In order to verify whether the cross reactive immunity between pathogen-derived epitopes and TPNAs correlates with improved survival, PBMCs from the only HCC patient still surviving to date (HLA-008) were obtained. The results clearly showed that the patient had variable levels of circulating T cells reacting to all three TPNAs as well as to the pathogen-derived epitopes. However, the two most reactive peptides were the TPNA PDCD7_mut and its homologous Vaccinia virus epitope, strongly suggesting that the pre-existing memory T cell response induced by the vaccinia virus vaccination may favor a stronger reactivity against the tumor-specific neoantigen (Fig. 4b).

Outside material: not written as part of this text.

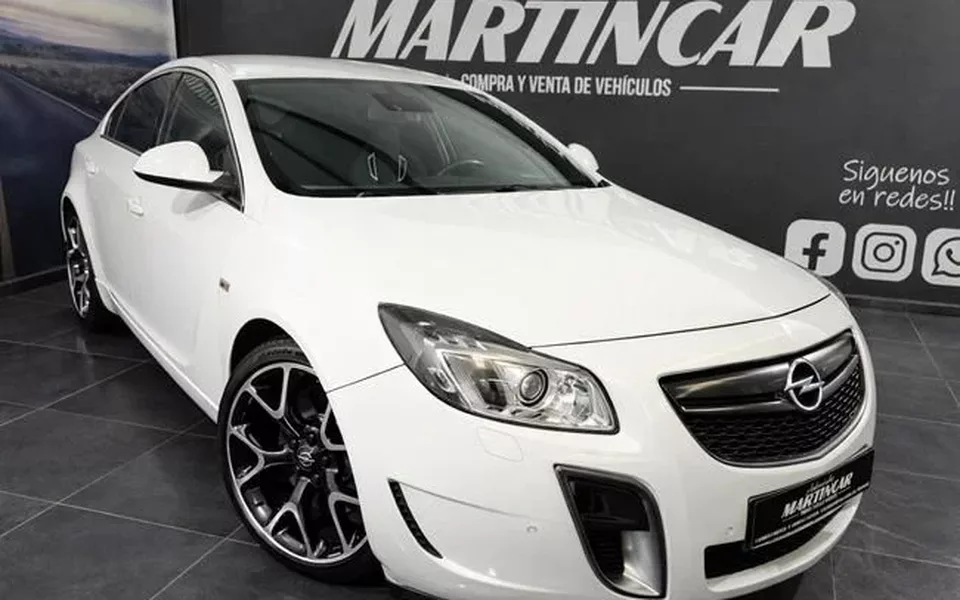 OPEL Insignia Insignia 2.8 V6 Turbo OPC
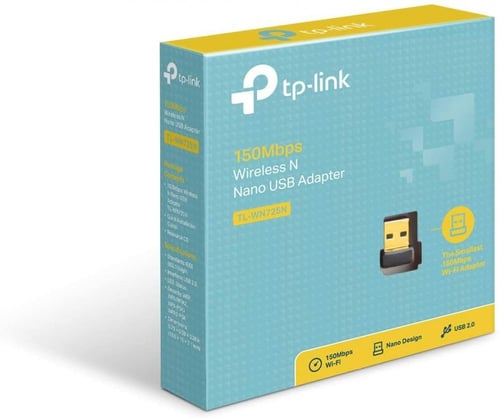 TP-Link TL-WN725N – نانو محول USB لاسلكي بسرعة 150...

Interestingly, the T cell reactivity against the CHD3_mut peptide was of the same magnitude as for the PDCD7_mut peptide, although the levels of pre-existing memory T cell response against the homologous Shighella epitope was significantly lower (Fig. 4b). On the contrary, the low reactivity to the MYO18_mut did not reflect the predicted high antigenicity and stability and was not boosted by the low levels of pre-existing memory T cell response specific for its homologous epitope derived from Lassavirus. Finally, as predictable by the lack of matching in the TCR binding positions, no cross-reactivity was observed between the CWF19L1_mut and hepatitis C virus epitope (data not shown).

The intratumor immune landscape for each of the HCC samples was assessed evaluating the transcription levels of immune-related genes. In particular, infiltration of effector and regulatory cell types as well as expression of immune checkpoint and antigen presenting molecules were evaluated by such analysis. The immunophenotype (IP) for each HCC patient was generated using the online tool available at The Cancer Immunome Atlas (https://​tcia.​at/​). A more pronounced immune effective microenvironment, characterized by higher gene expression of effector cell types and antigen presenting molecules, gives a higher IP score [31].

The results showed that, with the exception of the HLA-012, HLA-017 and HLA-029 with an IP < 6, all other HCC samples had an IP ≥ 6 (Fig. 5), which has been reported to be associated with clinical benefit and/or long-term survival. Interestingly, the long-term survivors HLA-008 and HLA-009 showed an IP ≥ 6, supporting the correlation between the immune determinants included in the immunophenogram and the clinical outcome.